### [Data below]
=-=-=-=-=

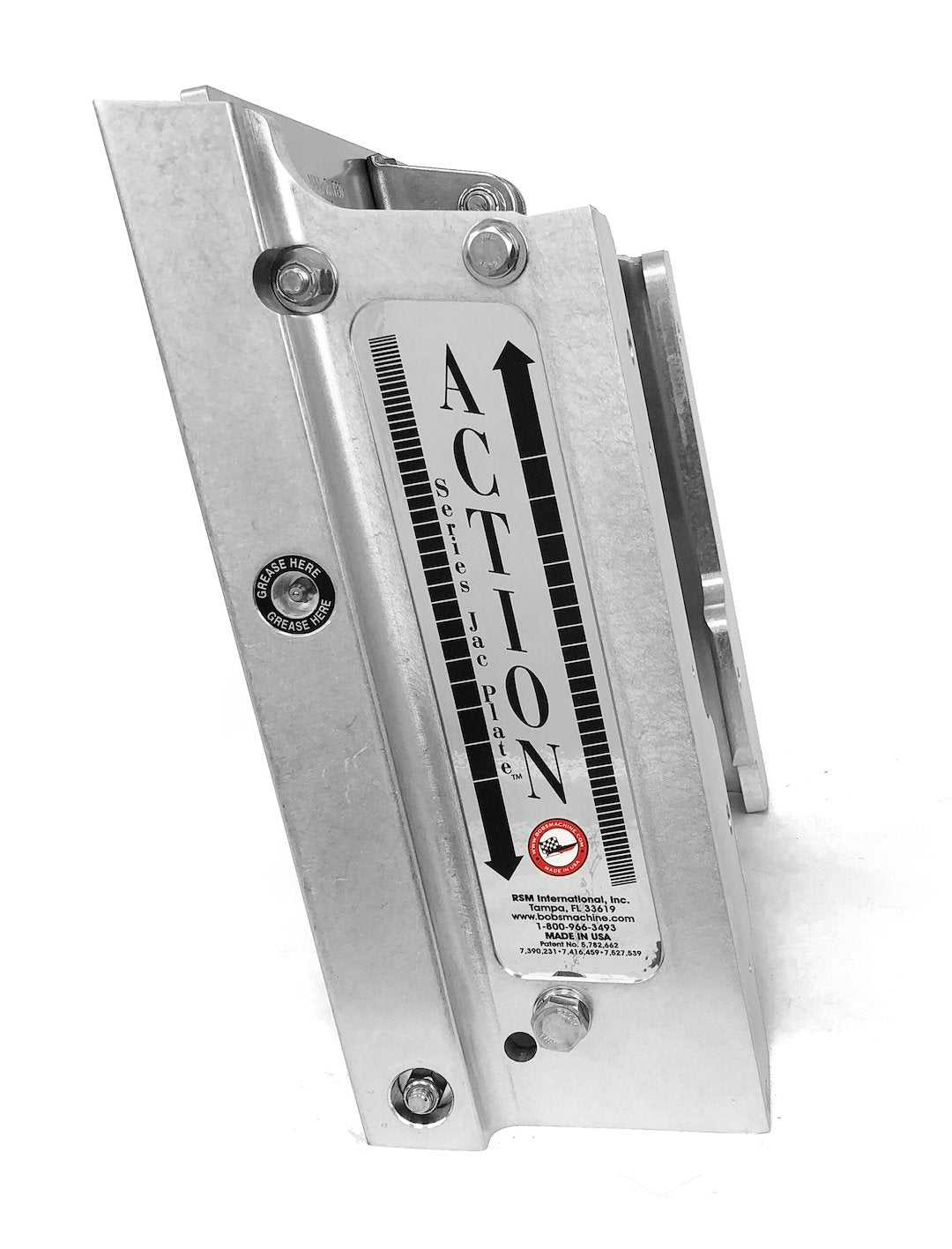 Bobs Machine 100-106010-Nopc-Nospn-Ng Outboard Motor Jack Plate||100-106010-Nopc-Nospn-Ng_2.Jpg||87||bob100106010n||2114786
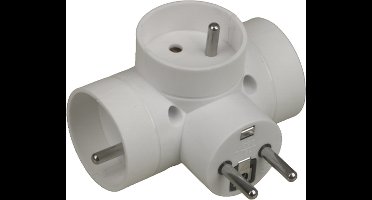 UNIVERSEEL - DOMINOSTEKKER 3-VOUDIG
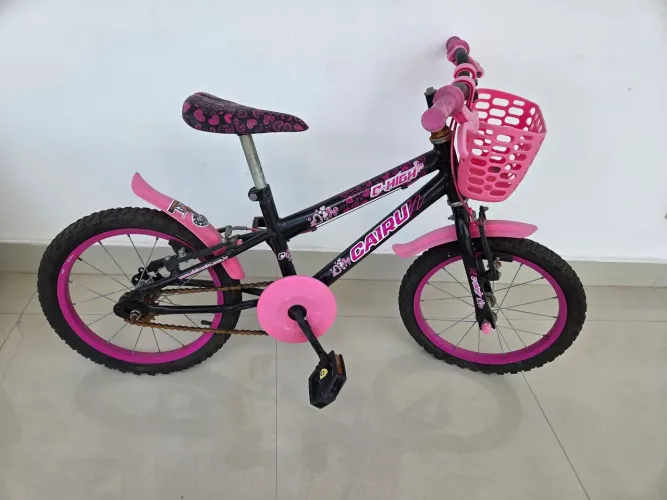Bicicleta Infantil Aro 16 com rodinha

=-=-=-=-=

Please reprint the whole listing exactly and omit its pictures.

### [Answer section]
 Bobs Machine 100-106010-Nopc-Nospn-Ng Outboard Motor Jack Plate||100-106010-Nopc-Nospn-Ng_2.Jpg||87||bob100106010n||2114786
 UNIVERSEEL - DOMINOSTEKKER 3-VOUDIG
Bicicleta Infantil Aro 16 com rodinha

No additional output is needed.